The HostConfig maps ujsx component types to graphology operations:

| UElement type | Graphology operation |
|---------------|---------------------|
| `"operation"` | Add node with `OperationNodeAttrs` |
| `"sequential"` | Add `sequential` edges between consecutive children |
| `"parallel"` | No edges between children (they run concurrently) |
| `"conditional"` | Add `conditional` edge with test attribute |

### Edge creation rules

- **Sequential**: For children C1, C2, ..., Cn, edges C1→C2, C2→C3, ..., C(n-1)→Cn are added. Within a sequential group, children have implicit `depends_on` edges.
- **Parallel**: No edges between children. All children have the same prerequisites as the parallel group itself.
- **Conditional**: Edge from the conditional node's prerequisite to the first child of the branch, with `edgeType: "conditional"` and `condition` attribute.
- **Nested**: A `Sequential` inside a `Parallel` has its own internal edges.
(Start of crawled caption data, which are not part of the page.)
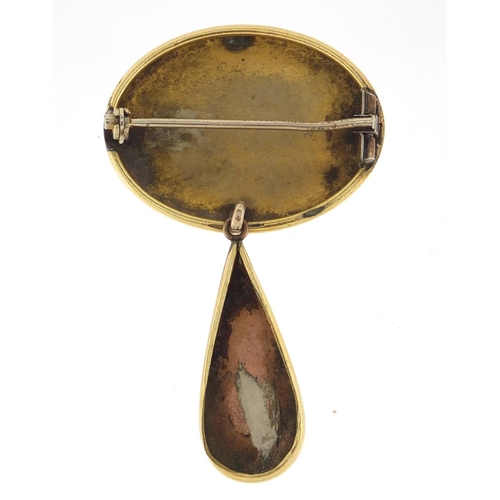 2931 - Victorian gilt metal and black enamel brooch, 5.5cm in length, approximate weight 8.4g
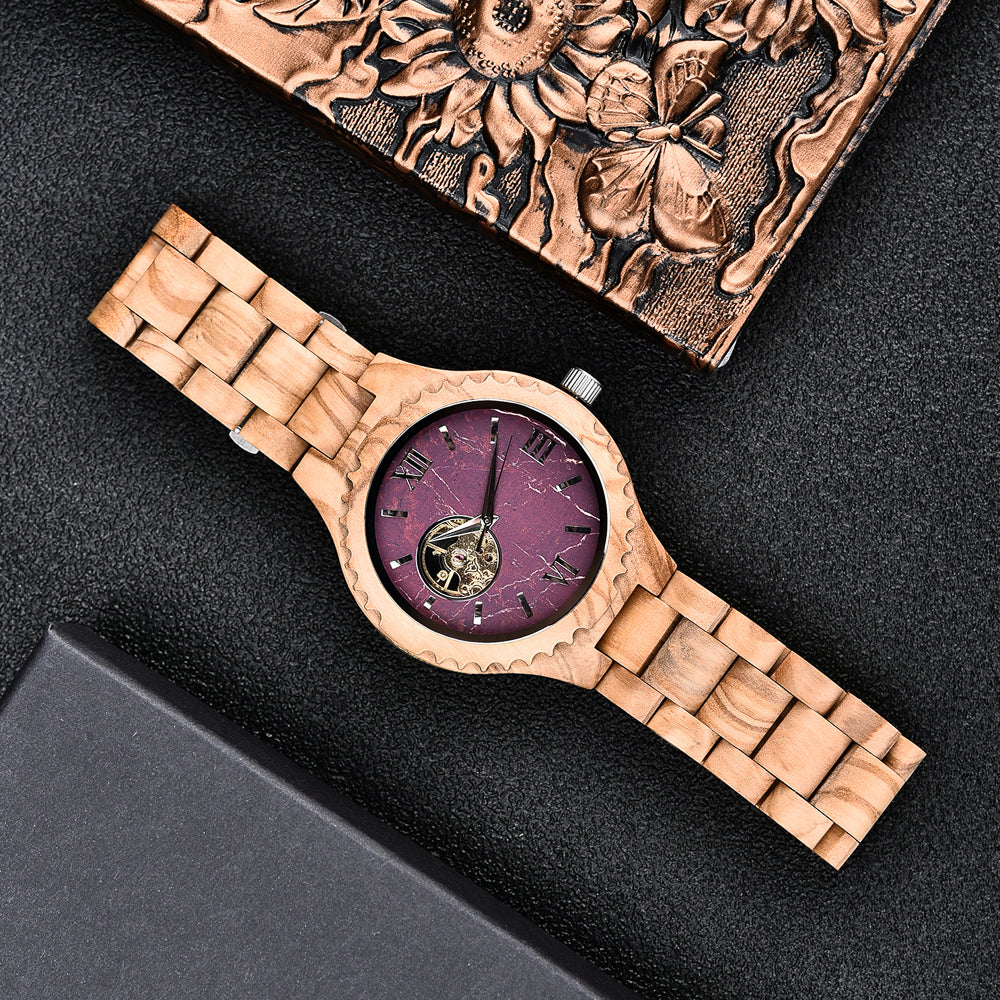 Automatic Olive Tree Wood Watch & Band - Purple 47mm
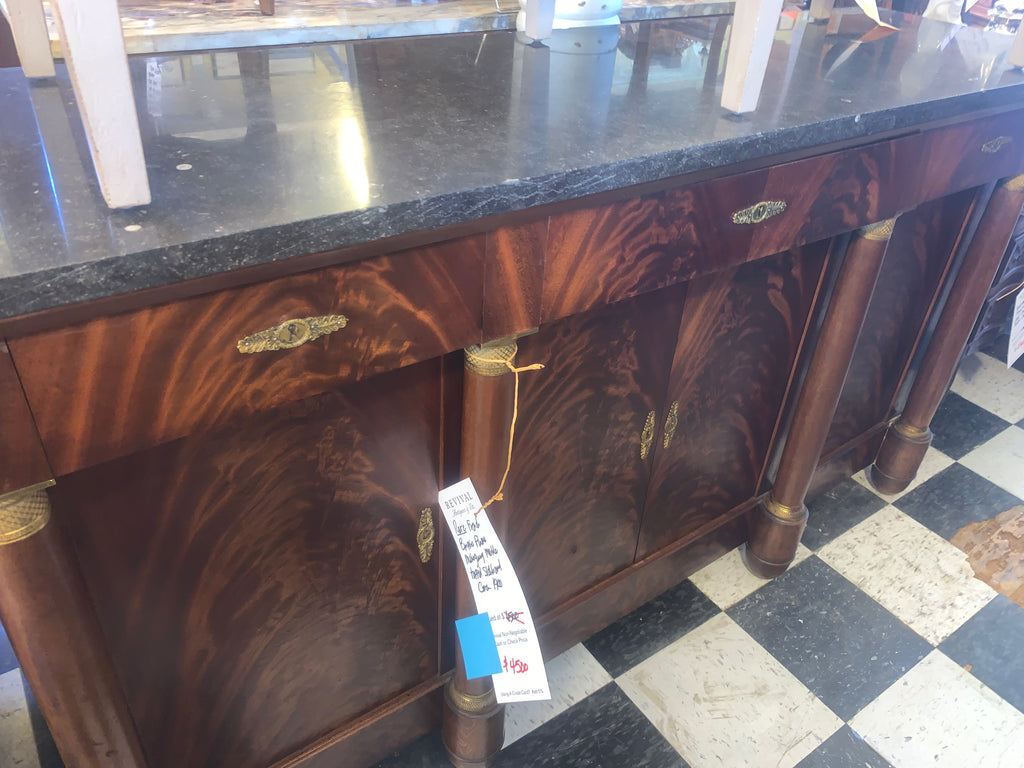Rare French Empire Flame Mahogany Marble Top Sideboard  c.1900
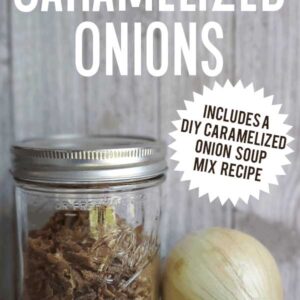 Mason jar full of dehydrated minced caramel onions and a fresh onion on wooden background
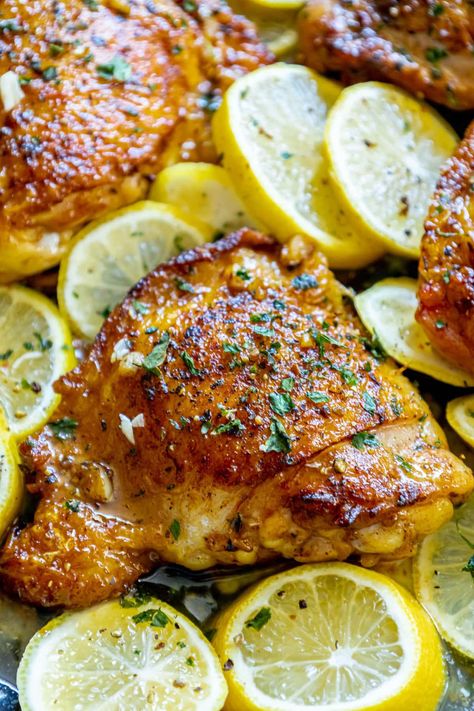 Chicken Thigh Recipes Lemon Garlic, Lemon Chicken Thigh Recipes Baked, Lemon Balsamic Chicken Thighs, Lemon Thigh Chicken, Lemon Garlic Chicken Oven, Lemon Roast Chicken Recipe, Lemon Butter Roasted Chicken, Crock Pot Lemon Garlic Butter Chicken Thighs, Chicken Thighs Lemon Garlic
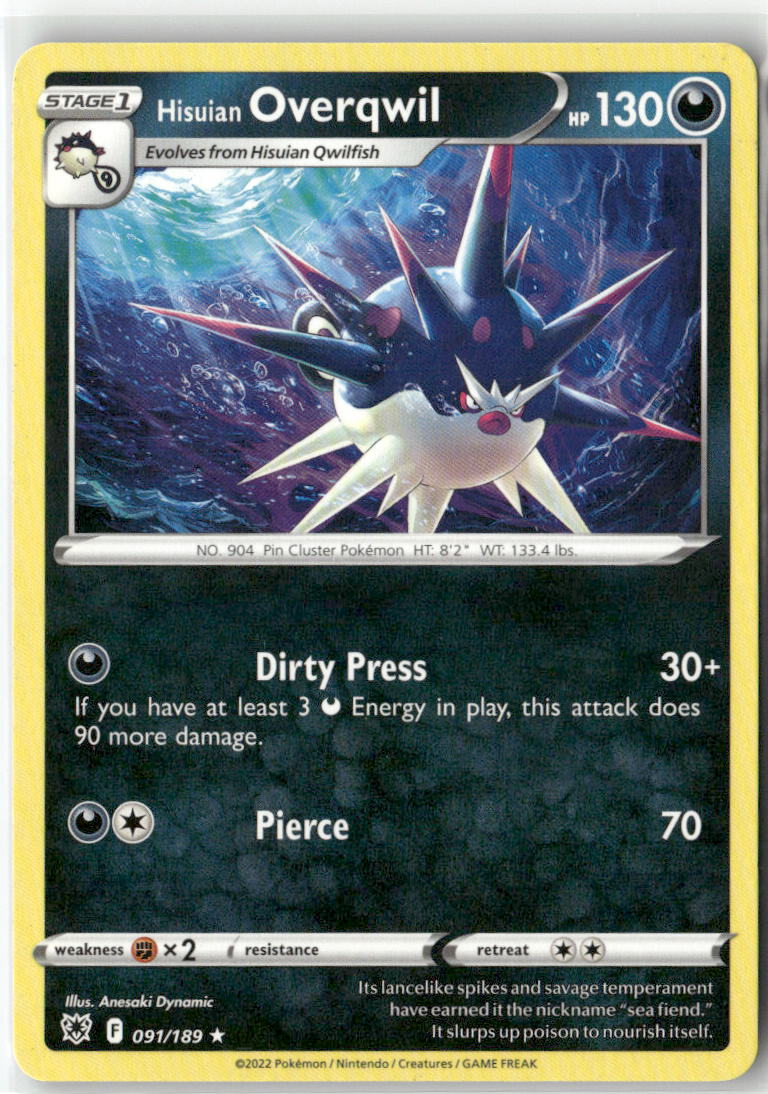 Hisuian Overqwil 091/189 Rare Astral Radiance Pokemon Moderately Played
A `Parallel` inside a `Sequential` creates a subgraph where all parallel children share the same predecessor.

### Root node handling

The template's root `URoot` is transparent — its children are mounted directly into the graph. `Sequential` and `Parallel` component functions are also transparent in terms of graph structure — they produce edges between their children, but do not create nodes for themselves.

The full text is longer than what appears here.